Distributed Tracing Analysis Skill

Analyze distributed traces for performance investigation and service dependency mapping.

When to Use

•Latency investigation
•Performance bottleneck detection
•Service dependency mapping
•Slow request analysis
•Cross-service debugging
•User asks "traces", "latency", "slow", "performance"

Tracing Analysis Approach

1. Discover Tracing Sources

Use capability-based discovery:

bash

# List available MCP servers
ListMcpResourcesTool

# Scan for tracing capabilities by analyzing server descriptions:
# - tracing capability: Dedicated distributed tracing systems
# - apm capability: APM tools that include distributed tracing
# - telemetry capability: Unified observability with tracing support

2. Query Trace Data

For each discovered source:

•Slow traces (>SLO threshold)
•Error traces
•Service operation latencies
•Request volume by endpoint
•Service-to-service call patterns

3. Analyze Latency Breakdown

For slow traces:

•Total request duration
•Time spent in each service
•Database query time
•External API call time
•Queue/async processing time
•Network/serialization overhead

4. Map Service Dependencies

Build dependency graph:

•Service call chains
•Synchronous vs asynchronous calls
•Fan-out patterns
•Critical path services

5. Identify Bottlenecks

See refs/bottlenecks.md for detailed patterns.

Common bottleneck types:

•N+1 query patterns: Many sequential DB calls
•Slow external calls: Third-party API latency
•Database bottlenecks: Long query times
•Sequential processing: Parallelizable operations
•Resource contention: Lock waits, queue depth

6. Correlate with Code

Use wicked-search to find:

•Database queries in slow services
•External API calls
•Synchronous operations that could be async
•Missing caching opportunities

Integration Discovery

Capability	What to Look For	Provides
tracing	Distributed tracing, span collection, trace analysis	Distributed traces, span details
apm	Performance monitoring with distributed tracing	Traces with performance context
telemetry	Unified observability with traces and metrics	Unified traces and metrics

Fallback: Analyze code for call patterns via wicked-search (database calls, HTTP clients, async operations).

Output Format

Provide trace analysis with:

•Performance summary (slow traces, latency percentiles)
•Service dependency map (tree view with timing)
•Bottleneck analysis (latency, type, root cause)
•Optimization opportunities (quick wins vs long-term)

See refs/bottlenecks.md for detailed output templates.

Common Performance Patterns

See refs/bottlenecks.md for detailed analysis of:

N+1 Query Pattern

Sequential database queries in a loop. Fix with batch queries or JOIN.

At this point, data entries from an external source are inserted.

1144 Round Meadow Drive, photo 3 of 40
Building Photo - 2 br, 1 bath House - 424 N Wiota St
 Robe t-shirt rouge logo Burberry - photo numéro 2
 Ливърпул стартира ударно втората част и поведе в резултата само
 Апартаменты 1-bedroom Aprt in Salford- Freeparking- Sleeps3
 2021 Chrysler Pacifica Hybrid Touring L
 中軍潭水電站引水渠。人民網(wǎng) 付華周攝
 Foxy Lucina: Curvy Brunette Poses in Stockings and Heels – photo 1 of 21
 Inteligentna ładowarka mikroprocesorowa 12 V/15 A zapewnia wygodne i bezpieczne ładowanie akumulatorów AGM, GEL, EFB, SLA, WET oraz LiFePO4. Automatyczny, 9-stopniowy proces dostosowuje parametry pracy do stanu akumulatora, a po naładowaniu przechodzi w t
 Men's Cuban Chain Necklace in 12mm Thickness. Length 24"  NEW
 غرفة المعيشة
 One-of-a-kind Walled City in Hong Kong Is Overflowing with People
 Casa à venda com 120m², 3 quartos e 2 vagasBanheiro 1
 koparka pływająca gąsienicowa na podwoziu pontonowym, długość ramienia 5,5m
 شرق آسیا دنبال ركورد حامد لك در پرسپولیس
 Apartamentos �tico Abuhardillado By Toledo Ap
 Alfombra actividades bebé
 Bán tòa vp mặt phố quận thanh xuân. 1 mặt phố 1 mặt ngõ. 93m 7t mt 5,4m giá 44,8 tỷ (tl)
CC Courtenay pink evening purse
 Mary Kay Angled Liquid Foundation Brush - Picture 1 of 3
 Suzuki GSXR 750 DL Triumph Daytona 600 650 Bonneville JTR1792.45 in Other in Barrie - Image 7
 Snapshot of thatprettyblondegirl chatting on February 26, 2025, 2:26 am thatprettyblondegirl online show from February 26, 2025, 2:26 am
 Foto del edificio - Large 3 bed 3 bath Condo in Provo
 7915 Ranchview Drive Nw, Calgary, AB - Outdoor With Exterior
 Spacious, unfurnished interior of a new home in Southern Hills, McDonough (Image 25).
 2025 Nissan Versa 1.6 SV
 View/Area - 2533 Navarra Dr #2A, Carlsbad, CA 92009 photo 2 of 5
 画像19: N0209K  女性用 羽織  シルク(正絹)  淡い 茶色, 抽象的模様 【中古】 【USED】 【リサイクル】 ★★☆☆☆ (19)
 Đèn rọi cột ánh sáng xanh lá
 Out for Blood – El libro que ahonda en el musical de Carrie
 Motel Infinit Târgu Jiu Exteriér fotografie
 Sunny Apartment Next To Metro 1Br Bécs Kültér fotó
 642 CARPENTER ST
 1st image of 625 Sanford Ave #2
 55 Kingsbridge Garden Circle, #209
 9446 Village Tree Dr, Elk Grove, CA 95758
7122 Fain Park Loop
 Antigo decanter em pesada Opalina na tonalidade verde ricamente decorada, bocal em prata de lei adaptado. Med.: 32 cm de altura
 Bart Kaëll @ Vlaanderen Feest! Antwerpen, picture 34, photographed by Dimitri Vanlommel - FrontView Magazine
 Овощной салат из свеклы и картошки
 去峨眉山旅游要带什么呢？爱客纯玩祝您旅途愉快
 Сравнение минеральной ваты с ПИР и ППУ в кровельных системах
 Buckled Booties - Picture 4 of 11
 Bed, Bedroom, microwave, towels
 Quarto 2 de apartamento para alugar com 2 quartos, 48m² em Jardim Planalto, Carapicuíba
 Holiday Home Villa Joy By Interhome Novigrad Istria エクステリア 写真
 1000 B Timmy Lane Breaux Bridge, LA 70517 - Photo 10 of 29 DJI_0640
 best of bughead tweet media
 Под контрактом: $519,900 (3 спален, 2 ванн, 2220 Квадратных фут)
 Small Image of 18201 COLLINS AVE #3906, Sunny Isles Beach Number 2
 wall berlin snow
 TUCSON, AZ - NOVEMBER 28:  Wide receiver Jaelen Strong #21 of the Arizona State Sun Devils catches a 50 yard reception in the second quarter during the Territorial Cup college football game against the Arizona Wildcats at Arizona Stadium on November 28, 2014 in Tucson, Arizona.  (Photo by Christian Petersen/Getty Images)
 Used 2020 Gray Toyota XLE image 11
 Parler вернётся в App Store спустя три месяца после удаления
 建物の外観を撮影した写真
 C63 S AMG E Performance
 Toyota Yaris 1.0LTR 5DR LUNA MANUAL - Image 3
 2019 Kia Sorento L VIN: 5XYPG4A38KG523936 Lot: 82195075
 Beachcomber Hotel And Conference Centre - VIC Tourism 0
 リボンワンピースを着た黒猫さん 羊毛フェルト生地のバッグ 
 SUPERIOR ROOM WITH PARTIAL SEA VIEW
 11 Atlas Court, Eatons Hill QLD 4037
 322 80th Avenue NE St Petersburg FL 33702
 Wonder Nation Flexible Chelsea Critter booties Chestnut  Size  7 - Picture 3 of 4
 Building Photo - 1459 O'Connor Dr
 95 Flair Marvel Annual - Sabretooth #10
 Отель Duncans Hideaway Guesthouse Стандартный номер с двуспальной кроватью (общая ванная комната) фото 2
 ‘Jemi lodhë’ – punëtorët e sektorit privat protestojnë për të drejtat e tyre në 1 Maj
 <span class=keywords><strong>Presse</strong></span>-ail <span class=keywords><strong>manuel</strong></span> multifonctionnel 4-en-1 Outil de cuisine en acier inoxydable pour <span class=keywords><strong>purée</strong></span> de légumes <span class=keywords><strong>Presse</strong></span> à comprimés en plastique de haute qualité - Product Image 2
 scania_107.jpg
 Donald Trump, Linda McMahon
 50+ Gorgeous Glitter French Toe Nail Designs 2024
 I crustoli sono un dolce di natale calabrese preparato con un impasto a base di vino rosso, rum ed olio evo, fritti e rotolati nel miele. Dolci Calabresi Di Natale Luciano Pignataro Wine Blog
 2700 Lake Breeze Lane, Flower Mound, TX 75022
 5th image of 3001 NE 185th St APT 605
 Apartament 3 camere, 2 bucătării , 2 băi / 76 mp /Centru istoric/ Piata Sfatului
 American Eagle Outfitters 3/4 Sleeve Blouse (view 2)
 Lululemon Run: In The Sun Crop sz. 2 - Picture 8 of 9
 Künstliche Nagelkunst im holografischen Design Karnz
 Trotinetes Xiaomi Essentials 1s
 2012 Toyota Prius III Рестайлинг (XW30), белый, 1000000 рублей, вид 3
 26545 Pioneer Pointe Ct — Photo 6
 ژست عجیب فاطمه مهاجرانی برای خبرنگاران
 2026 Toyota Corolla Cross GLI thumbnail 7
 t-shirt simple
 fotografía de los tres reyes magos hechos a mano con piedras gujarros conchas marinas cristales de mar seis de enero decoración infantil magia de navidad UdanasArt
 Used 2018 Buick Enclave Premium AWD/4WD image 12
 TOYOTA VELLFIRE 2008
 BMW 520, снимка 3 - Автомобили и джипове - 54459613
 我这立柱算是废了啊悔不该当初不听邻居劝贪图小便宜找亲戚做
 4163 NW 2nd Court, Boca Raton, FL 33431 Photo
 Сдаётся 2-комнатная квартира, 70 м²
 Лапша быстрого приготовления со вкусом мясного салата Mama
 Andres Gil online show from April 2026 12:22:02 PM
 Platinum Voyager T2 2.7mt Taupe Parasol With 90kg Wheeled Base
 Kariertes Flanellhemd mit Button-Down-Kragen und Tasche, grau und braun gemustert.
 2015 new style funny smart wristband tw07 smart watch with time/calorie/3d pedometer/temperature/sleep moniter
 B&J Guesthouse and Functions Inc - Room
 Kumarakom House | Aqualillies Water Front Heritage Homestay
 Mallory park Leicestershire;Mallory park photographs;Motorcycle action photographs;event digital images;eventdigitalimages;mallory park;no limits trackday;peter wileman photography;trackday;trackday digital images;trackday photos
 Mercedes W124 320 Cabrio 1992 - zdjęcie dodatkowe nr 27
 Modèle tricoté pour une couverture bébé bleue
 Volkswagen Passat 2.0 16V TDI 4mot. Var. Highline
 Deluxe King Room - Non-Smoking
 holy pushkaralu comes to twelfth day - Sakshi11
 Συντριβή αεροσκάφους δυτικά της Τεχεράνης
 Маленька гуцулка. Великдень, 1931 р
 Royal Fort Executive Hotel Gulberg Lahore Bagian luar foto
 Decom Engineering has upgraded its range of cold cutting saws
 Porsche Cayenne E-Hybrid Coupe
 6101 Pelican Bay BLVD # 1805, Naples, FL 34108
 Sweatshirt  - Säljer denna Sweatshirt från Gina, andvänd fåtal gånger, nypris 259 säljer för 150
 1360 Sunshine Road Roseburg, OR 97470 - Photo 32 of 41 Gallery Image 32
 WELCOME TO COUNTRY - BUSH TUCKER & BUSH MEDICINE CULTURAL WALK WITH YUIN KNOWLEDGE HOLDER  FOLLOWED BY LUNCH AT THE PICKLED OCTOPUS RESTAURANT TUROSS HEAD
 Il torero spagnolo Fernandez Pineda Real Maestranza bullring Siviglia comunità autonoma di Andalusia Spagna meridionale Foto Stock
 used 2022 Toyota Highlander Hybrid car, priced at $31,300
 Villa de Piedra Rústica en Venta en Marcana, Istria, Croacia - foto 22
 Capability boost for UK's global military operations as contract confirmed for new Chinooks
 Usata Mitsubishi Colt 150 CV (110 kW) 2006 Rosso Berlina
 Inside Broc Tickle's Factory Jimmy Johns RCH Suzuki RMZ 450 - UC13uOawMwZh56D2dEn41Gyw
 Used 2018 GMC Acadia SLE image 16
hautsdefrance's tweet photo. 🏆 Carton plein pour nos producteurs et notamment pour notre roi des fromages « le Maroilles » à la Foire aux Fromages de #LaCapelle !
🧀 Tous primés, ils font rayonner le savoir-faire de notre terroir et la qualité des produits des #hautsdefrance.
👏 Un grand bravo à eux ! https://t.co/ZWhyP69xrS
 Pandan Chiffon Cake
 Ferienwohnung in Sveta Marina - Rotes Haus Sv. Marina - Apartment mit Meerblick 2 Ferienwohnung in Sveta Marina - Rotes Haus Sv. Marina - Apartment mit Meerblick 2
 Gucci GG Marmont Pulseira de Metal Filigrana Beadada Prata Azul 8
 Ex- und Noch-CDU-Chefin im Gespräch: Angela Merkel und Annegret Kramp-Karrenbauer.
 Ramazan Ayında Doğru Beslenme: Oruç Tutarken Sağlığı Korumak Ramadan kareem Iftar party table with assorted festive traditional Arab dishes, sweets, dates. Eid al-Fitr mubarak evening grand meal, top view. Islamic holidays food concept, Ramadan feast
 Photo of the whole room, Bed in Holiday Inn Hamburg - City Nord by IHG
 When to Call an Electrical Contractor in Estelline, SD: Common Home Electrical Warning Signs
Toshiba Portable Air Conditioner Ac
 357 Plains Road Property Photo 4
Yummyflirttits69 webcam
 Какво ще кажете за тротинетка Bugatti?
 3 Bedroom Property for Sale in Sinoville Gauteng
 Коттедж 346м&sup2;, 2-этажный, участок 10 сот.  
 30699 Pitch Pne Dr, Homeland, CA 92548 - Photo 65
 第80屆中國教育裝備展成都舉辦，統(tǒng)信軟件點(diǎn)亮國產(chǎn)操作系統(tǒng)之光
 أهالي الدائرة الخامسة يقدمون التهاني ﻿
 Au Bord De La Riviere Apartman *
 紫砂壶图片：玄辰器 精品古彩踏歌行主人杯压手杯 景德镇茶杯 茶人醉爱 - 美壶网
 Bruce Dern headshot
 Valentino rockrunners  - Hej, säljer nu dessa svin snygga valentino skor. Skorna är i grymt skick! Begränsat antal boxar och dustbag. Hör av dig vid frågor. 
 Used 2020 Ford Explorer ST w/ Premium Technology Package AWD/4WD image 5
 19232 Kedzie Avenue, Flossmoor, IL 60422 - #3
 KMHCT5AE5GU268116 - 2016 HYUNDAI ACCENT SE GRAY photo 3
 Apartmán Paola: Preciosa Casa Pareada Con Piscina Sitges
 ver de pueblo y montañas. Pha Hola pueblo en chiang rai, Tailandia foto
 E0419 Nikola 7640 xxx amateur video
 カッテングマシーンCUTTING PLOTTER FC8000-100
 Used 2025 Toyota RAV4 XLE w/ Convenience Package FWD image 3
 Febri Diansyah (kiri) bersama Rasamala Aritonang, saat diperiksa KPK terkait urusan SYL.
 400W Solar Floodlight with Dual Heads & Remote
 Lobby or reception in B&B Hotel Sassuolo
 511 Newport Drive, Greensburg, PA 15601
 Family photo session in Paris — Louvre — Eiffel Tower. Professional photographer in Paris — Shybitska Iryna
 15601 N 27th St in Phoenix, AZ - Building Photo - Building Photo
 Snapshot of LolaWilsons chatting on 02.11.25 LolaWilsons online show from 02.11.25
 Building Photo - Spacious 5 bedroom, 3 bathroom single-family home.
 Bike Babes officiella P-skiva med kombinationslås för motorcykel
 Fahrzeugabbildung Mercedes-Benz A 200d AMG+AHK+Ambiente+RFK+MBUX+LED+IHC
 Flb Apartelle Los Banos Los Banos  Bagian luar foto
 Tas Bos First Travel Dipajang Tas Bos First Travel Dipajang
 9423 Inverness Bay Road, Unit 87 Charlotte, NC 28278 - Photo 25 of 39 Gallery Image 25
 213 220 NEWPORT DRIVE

Synchronous External Calls

Waiting for external APIs sequentially. Fix with Promise.all or async processing.

Missing Caching

Repeated identical queries. Fix with caching layer (Redis, in-memory).

Database Query Inefficiency

Slow database operations. Fix with indexes, query optimization, pagination.

Resource Contention

Lock waits or queue delays. Fix with reduced lock scope, optimistic locking.

Service Dependency Analysis

Critical Path Detection

Identify services on critical path (required for request completion). Focus optimization here.

Fan-Out Pattern Detection

Single request triggers many downstream calls. Risk of amplified load and cascading failures.

Circular Dependency Detection

Service A calls B calls A (cycle). Risk of infinite loops and complex debugging.

See refs/dependencies.md for detailed dependency analysis patterns.

Integration with wicked-engineering

When bottlenecks identified, engage wicked-engineering:backend with trace context, code locations, and optimization recommendations.

Integration with wicked-crew

During build phase:

•Capture baseline latency metrics
•Monitor post-deployment latency
•Alert on p95 increases >20%
•Recommend rollback if critical path slows

Emit events:

•observe:trace:slow:warning
•observe:correlation:found:success

Notes

•Focus on p95/p99, not averages (outliers matter)
•Identify critical path first (highest impact)
•Consider parallelization opportunities
•External calls often biggest bottleneck
•Add instrumentation if spans missing
•Correlate slow traces with error traces